In New York Times Israel Coverage, Anything Goes

April 12 UPDATE:

New York Times Corrects

In response to CAMERA's communication with editors, a correction appears in today's International New York Times print edition. See below for correction details.

When it comes to New York Times coverage of Israel, literally anything goes. The latest case in point is yesterday's completely bogus caption about an Israeli election billboard alongside an article meant to explain the various campaign commercials in the close and heated race.

The caption in question, on page 3 of yesterday's International Edition, states:

In Tel Aviv, a Blue and White party billboard, left competing with a campaign ad for Prime Minister Benjamin Netanyahu and his right-wing allies. Polls show the race is close.

It sits below a four-column, top of the page color  photograph of a billboard depicting, on the left side, the leadership of the challenging Blue and White party, from left: Moshe "Boogie" Yaalon, Benny Gantz, Yair Lapid and Gabi Ashkenazi. All but Lapid are former army chiefs; Lapid is a former finance minister. Their images are framed in blue and white and the slogan underneath states in white, "The nation of Israel lives" alongside and the name of the party, "Blue and White." Immediately to the right are four more figures framed in yellow and gray. They are (from left) Itamar Ben-Gvir of the far-right Otzma Yehudit (Jewish Power) party, Prime Minister Benjamin Netanyahu, Betzalel Smotrich of the right-wing Jewish Home party, and Jewish Power's Michael Ben Ari, whom the Supreme Court banned from running in the elections on the grounds of anti-Arab incitement. The slogan below these four men, in yellow, states, "Kahana Lives," the rallying cry of the outlawed, extremist Kach party, banned from the Knesset in 1988 for inciting racism.

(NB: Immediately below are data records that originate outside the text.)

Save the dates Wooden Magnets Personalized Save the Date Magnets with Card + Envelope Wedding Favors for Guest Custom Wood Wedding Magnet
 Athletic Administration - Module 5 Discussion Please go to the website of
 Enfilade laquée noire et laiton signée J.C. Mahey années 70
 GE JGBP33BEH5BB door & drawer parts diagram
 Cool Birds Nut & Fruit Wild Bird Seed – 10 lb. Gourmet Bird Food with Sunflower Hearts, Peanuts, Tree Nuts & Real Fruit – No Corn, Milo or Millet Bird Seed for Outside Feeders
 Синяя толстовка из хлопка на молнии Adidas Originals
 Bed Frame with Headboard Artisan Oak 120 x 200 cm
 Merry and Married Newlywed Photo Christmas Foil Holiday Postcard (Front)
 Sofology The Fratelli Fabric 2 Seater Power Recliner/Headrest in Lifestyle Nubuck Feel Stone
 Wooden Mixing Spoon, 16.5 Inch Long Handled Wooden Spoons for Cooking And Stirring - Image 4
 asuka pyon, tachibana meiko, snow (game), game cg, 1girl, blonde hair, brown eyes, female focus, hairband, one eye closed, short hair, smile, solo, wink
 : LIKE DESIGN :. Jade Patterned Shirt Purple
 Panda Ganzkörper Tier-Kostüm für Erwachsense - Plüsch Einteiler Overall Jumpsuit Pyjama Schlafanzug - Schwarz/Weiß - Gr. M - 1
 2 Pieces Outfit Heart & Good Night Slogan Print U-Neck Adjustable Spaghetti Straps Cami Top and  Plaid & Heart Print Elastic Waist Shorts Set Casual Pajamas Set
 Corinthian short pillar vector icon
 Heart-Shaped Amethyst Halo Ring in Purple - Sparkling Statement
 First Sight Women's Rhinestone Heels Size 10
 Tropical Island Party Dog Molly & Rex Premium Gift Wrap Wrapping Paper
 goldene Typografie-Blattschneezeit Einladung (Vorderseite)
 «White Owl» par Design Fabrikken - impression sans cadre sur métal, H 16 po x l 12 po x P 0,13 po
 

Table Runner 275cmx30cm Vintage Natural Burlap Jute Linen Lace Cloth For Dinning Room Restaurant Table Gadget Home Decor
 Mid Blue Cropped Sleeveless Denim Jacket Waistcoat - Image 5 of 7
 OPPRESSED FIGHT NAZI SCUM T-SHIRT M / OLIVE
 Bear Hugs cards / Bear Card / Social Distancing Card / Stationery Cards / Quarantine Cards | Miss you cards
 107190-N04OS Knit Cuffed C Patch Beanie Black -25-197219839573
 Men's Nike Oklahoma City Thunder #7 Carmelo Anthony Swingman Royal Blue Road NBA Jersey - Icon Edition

In the accompanying article, "In Israeli campaign ads, anything goes," bureau chief David Halbfinger writes:

Israeli politics is not subtle. … Just take a look at the commercials targeting voters on social media as the election on Tuesday draws near. They are in Hebrew and Arabic, but much of what is shown in the ads requires little or no translation.

Actually, it seems the confounded New York Times editors were in sore need of translators to decode the not so subtle billboard. For starters, the photograph shows just one billboard, and not, as the caption falsely claims, two competing ads. As is readily apparent to any Israeli observer, and as should be apparent to Times journalists tasked with explaining the elections to outsiders, the ad for Gantz's Blue and White paints the Prime Minister as a close ally of the extremist Jewish Power politicians known for anti-Arab racism. The ad points to a merger between the right-wing Jewish Home and the more extreme Jewish Power which the Prime Minister facilitated.

The New York Times promises its readers "the world's most trusted perspective." Yet the complete misreading of a rather blatant political ad exposes, once again, the paper's failure to deliver factual reporting. Indeed, it's been a rough few weeks for the paper's credibility when it comes to trusted news about Israel.

On the news side, editors refused to correct both the false report that a Pew survey found that nearly half of Israeli Jews favor expelling all Palestinians and the completely unfounded claim that "most of Jaffa's Arab residents were forcibly expelled from their homes" in 1948. The Opinions section is also doing its share to erode "the world's most trusted perspective," with, for example, a page-one Op-Ed in the International Edition ("In Israel, a so-called democracy") calling Israeli democracy into question, following closely on the heels of the anti-Israel counter-factual screed by Nathan Thrall last week.

At The New York Times, this is so-called journalism.

Update: New York Times Corrects

After CAMERA informed editors that the photo caption incorrectly identified an attack ad against Benjamin Netanyahu as an ad for the Prime Minister, the newspaper today published the following correction:

A picture captions with an article in the weekend edition described incorrectly a billboard featuring political candidates in Israel. The billboard, for Benny Gantz's Blue and White party, showed Mr. Gantz flanked by his partners on the left half, while on the right half, Prime Minister Benjamin Netanyahu was shown with far-right politicians. The right half was not a campaign ad for Mr. Netanyahu.

CAMERA commends The Times for the forthright correction.